Hello guys, can you please help me to understand this proof of division lemma, part of the limit theorem. It is taken from Spivak's Calculus Chapter 5, page 101.

Lemma 3
$$\text{If }y_0 \neq 0\text{ and }min(\frac{|y_0|}{2}, \frac{ε|y_0|^2}{2})\ \\ \text{ then } y \neq 0 \text{ and }|\frac{1}{y}-\frac{1}{y_0}|<ε$$

Proof

We have $|y_0|-|y| \leq |y-y_0| < \frac{|y_0|}{2}$
(In book it is written $\frac{y_0}{2}$ I take it that is mistyped because of the subsequent line and the fact the inequality would be false.

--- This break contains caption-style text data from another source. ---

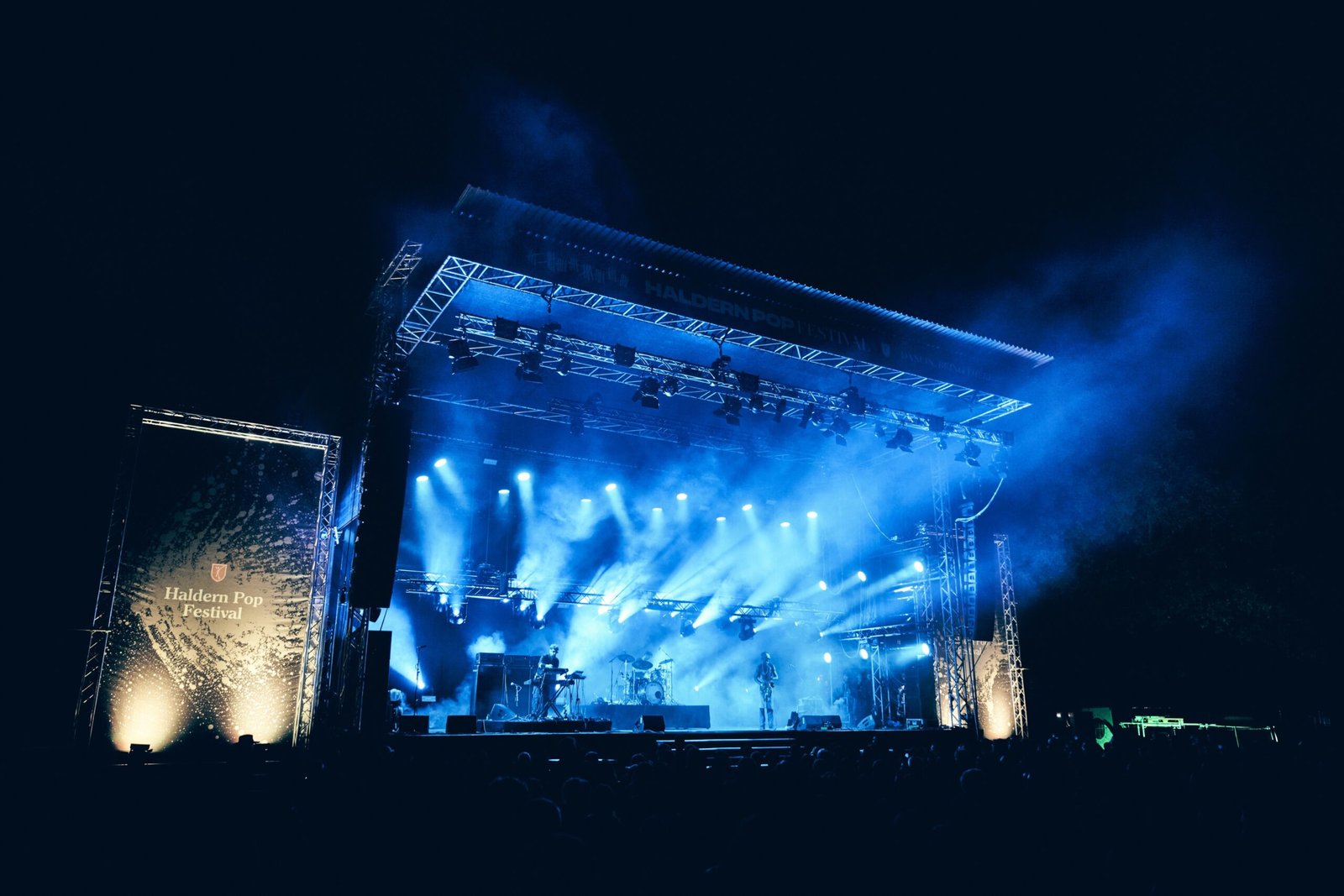 Haldern Pop Festival 2025
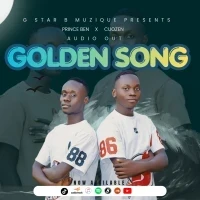 Golden Song - Prince Ben, Cuozen Qing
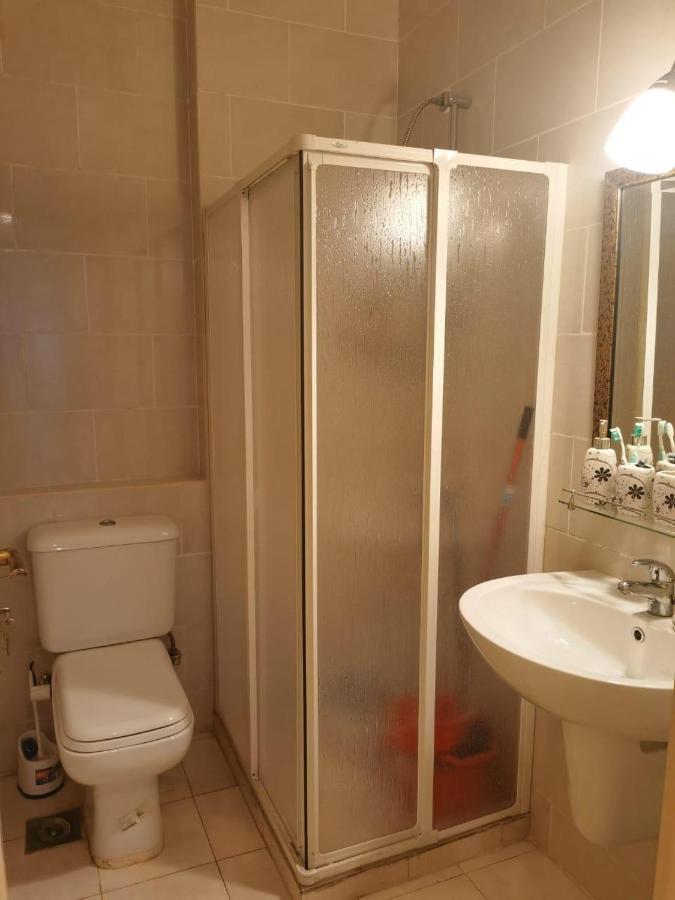 Porto Sokhna Pyramids Apartments With Sea View Families Only Ain Sukhna Luaran gambar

So $|y| > \frac{y_0}{2}$. In particular, $y \neq 0$, and
$$\frac{1}{|y|}<\frac{2}{|y_0|}.$$

Thus
$$|\frac{1}{y}-\frac{1}{y_0}|=\frac{|y_0-y|}{|y||y_0|}<\frac{2}{|y_0|}\cdot\frac{1}{|y_0|}\cdot\frac{ε|y_0|^2}{2}=ε.$$

I don't understand how he came to the rightmost inequality, can you guys please elaborate how he got the conclusion?

Thank You

2. Jul 30, 2013

junaid314159

Although I don't have Spivak handy, I think you probably have a typo in the first line of the Lemma. Did you mean to say |y-yo| < min(|yo|/2, ε|yo|^2/2) ?

The rest of the proof makes sense to me. I'm not sure what you mean by 'rightmost' inequality. If you can specify which inequality you are referring to specifically, I can clarify how he arrived at it.

Junaid Mansuri

3. Jul 30, 2013

Seydlitz

Yep you're right. This proof is taken from the book, it's indeed valid. Can you please elaborate the last set of inequality, after it is written thus?

4. Jul 30, 2013

junaid314159

As far as the last sentence in the proof, after the Thus:

Start by taking |1/y - 1/yo| and turn it into one fraction using the LCD, which is y·yo.
Notice that the fraction: |yo-y|/(|y||yo|) can be rewritten as a product of three expressions as follows:
|yo-y|/(|y||yo|) = 1/|y| · 1/|yo| · |yo-y|
We will next replace the first and third of these three expressions by expressions that are larger than them, hence making the entire product larger:

The first of these three is 1/|y| which will be replaced by 2/|yo| as it is larger than it.
The second of these three is 1/|yo| which we will leave alone.
The third of these three is |yo-y| which from the Lemma we know is less than min(|yo|/2,ε|yo|^2/2). This means that |yo-y| is less than both of them. In particular, it is less than ε|yo|^2/2. Thus, we will replace
|yo-y| by ε|yo|^2/2 which is larger than it.

Thus it follows that |1/y - 1/yo| < 2/|yo| · 1/|yo| · ε|yo|^2/2.
Multiplying these three expressions and simplifiying we get:
|1/y - 1/yo| < ε

which was the desired end of the proof.

Hope that makes sense.

All the best,
Junaid Mansuri

Last edited: Jul 30, 2013